The Freedom From Religion Foundation is cautioning 17 governors around the nation that the exemptions they’ve granted to religious gatherings from prohibitory orders could have dire consequences.
States all over the country, from Connecticut and Pennsylvania to New Mexico and Colorado, have exempted religious congregations of various sizes from coronavirus-related crowd regulations. Of these, Michigan, New Mexico, Pennsylvania, South Carolina, West Virginia, Colorado, Georgia and Tennessee glaringly have no formal limits, while Connecticut is allowing congregations of fewer than 50 people, Oregon of fewer than 25 and Alabama, Indiana, Missouri and North Carolina of fewer than 10 individuals. FFRF has sent a letter to the governors of all these states. (Florida, Wisconsin and Kansas also have such exemptions, and FFRF has previously written to these governors.)
Religious gatherings are a severe community health hazard, FFRF emphasizes. The data doesn’t lie. One-third of all COVID cases in one large California county can be traced to church services. The numbers are even greater elsewhere. Reuters reports: “South Korea announced thousands of coronavirus cases in the space of only a few days in late February. The surge in cases centered mostly around one main cluster from a church in Daegu city.” Even small gatherings can be deadly. Health officials in Lee County, Ala., have informed the media that “church gatherings have been tied to a swell in new cases across the area, explaining that even groups smaller than 10 people can spread the coronavirus.”
The gubernatorial exemption directives are seriously flawed, FFRF contends, offering several reasons.
First, religious freedom does not require exempting churches from these orders, the organization insists.
“Americans have rights to worship and to assemble, but neither of those rights is unlimited and neither includes the right to risk other people’s lives,” FFRF Co-Presidents Dan Barker and Annie Laurie Gaylor write to more than a dozen governors.
States already regularly limit worship gatherings that jeopardize public health, FFRF points out. For instance, the government already imposed fire and other building codes on churches. Preventing large gatherings due to a pandemic is even more crucial. And prohibiting such assemblies is not a ban on worship any more than speed limits are a ban on driving. The short-term ban is guided by science: The more people who gather, the more viruses spread.
More than 100 years ago, the U.S. Supreme Court explained in a 7-2 opinion that society’s interest in stopping the spread of smallpox was greater than an individual’s religious rights, FFRF adds. And the court has reiterated this again and again.

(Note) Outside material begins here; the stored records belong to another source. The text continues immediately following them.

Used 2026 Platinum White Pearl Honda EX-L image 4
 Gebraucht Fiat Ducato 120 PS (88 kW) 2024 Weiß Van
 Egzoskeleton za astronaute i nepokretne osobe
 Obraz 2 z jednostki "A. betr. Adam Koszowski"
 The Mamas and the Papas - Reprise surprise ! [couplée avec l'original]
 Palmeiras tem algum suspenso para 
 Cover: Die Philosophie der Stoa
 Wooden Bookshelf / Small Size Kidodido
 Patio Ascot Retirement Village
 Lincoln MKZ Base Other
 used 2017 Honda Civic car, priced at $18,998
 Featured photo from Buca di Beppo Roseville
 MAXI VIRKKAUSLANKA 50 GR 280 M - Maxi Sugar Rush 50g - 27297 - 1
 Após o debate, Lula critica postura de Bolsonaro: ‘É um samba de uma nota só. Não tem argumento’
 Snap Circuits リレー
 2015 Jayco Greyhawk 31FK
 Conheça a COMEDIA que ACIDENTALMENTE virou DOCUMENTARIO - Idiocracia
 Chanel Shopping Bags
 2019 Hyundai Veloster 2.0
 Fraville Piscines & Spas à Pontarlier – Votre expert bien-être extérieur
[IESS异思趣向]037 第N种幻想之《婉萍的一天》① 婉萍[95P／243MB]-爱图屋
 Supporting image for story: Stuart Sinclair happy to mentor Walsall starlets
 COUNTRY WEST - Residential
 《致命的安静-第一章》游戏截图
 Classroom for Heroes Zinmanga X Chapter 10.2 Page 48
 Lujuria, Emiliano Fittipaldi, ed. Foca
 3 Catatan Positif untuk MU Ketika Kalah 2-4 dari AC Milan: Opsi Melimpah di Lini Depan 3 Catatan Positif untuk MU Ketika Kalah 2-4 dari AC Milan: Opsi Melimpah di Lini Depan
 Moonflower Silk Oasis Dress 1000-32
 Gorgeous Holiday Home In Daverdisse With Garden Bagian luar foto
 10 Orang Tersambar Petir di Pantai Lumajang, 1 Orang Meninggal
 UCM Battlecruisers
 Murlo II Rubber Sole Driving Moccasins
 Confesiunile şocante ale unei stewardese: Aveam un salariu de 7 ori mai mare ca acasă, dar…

Second, FFRF maintains, such exemptions unconstitutionally favor churches. Courts have long ruled that the Establishment Clause of the First Amendment bars the government from preferring one religion over another, or religion over nonreligion. The exemption for church services violates the First Amendment.
Third, such exemptions are immoral and deadly, FFRF avers. Clerics seeking exemption from social-distancing orders are not simply asking for a right to gather and worship, they are also asking for a right to threaten the lives of every other member of the community. These churches are also overburdening the health care system. Doctors are already working overtime and rationing beds and ventilators. Churches that hold services are contemptuously disregarding the efforts of these heroes.
It is hard to imagine a clearer need for prohibiting church services and gatherings than a highly infectious global pandemic. FFRF urges these governors to safeguard state citizens by revising the stay-at-home orders to remove unconstitutional and ill-advised exemptions for religious gatherings.
The Freedom From Religion Foundation is a national nonprofit organization with over 31,000 members across the country, including in every state. It works to protect the constitutional separation between state and church and educates about nontheism.